È lei Maria, una giovane calabrese che negli anni Sessanta per salvare la famiglia dall’indigenza decide di accettare il matrimonio per procura voluto dal rude agricoltore vicentino Vittorio Bassi interpretato da Maurizio Donadoni. Giunta all’altare, però, Maria scopre che non sposerà Vittorio, ma suo nipote Italo, (Giorgio Marchesi). E arrivata al Nord scopre che deve fare i conti con una realtà ostile, dovuta al suo essere meridionale e donna, al duro lavoro nei campi, al rifiuto dello stesso Italo ancora troppo sconvolto dalla misteriosa scomparsa della prima moglie e padre di un bambino, Italo, chiuso in se stesso e soggetto a crisi epilettiche.

Antonio Manca

Nonostante questo contesto così difficile Maria non si lascia andare. Resiliente e generosa, cerca un modo per migliorare la vita di tutti, rendere la casa dove vive più accogliente, le persone con cui abita migliori e si batte anche per i diritti delle lavoratrici. L’emancipazione femminile, la parità di genere e il rispetto delle differenze socio-culturali sono così tra i temi toccati dalla fiction che ha riscosso subito un bel successo di spettatori, ma sollevato anche delle polemiche da parte di chi ci ha visto un racconto distorto, carico di stereotipi ridicolizzanti.

In particolare, a livello istituzionale, si è fatto sentire il Presidente del Consiglio del Veneto, il leghista Roberto Ciambetti, secondo il quale la fiction è un falso storico e nuoce al racconto di una tragedia vissuta da molte italiane: «Pensare a un matrimonio per procura a fine anni Sessanta di una giovane calabrese con un ricco ma rozzo discendente di un agricoltore vicentino è, a dir poco, un azzardo se non una provocazione senza senso e lontanissima dalla realtà storica».

Al di là di là di certe polemiche “La sposa” si prepara ad affrontare stasera una nuova prova del pubblico, cercando di mantenere gli ottimi ascolti raggiunti nel debutto di domenica scorsa che hanno dato soddisfazioni agli autori tra i quali figura lo sceneggiatore Antonio Manca.

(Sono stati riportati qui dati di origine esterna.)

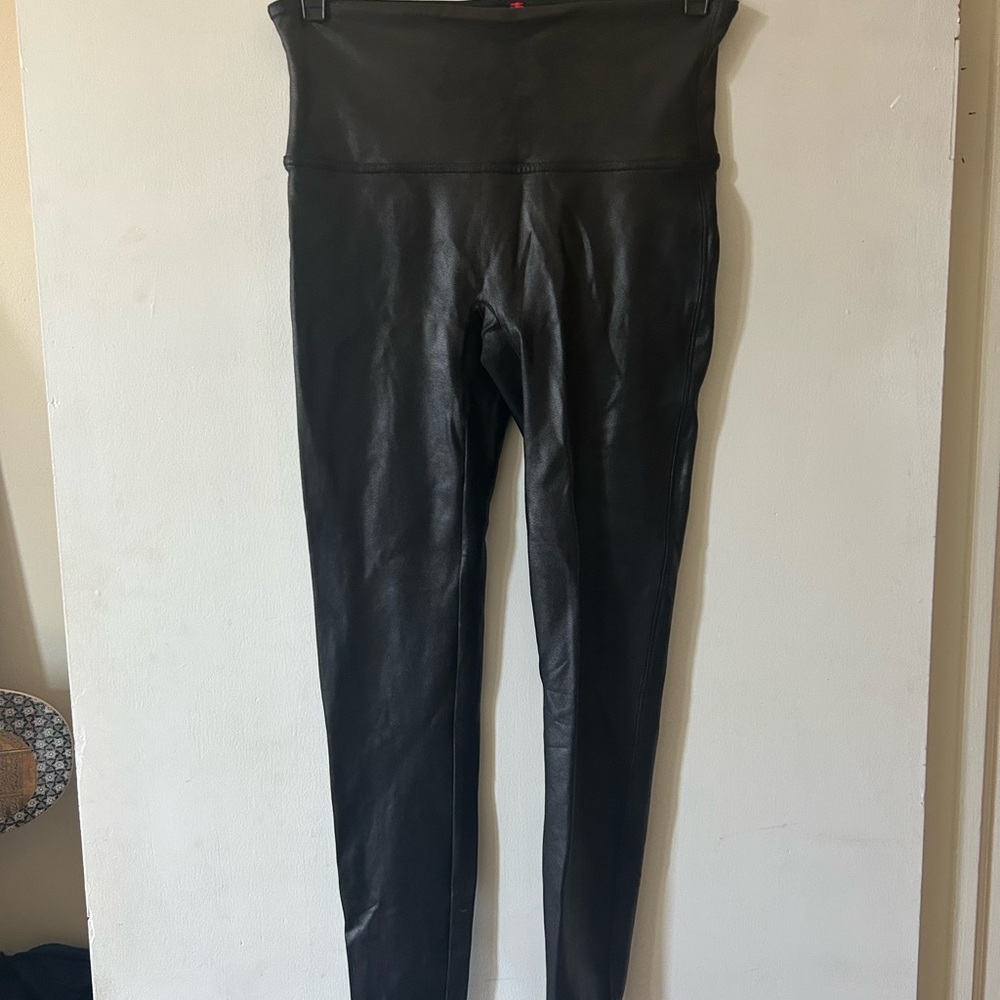 SPANX Black High-Rise Leggings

Nato a Sassari, si è formato a Roma al Centro sperimentale di cinematografia. Tra i suoi lavori per il cinema da segnalare “La ragazza del mondo”, film diretto da Marco Danieli con protagonisti Sara Serraiocco e Michele Riondino, e “Sole”, regia di Carlo Sironi, premiato come miglior rivelazione agli European Film Awards del 2020. Per la televisione ha scritto la miniserie “Tango per la libertà”, prodotta dalla Compagnia Leone Cinematografica per Raiuno, con regia di Alberto Negrin.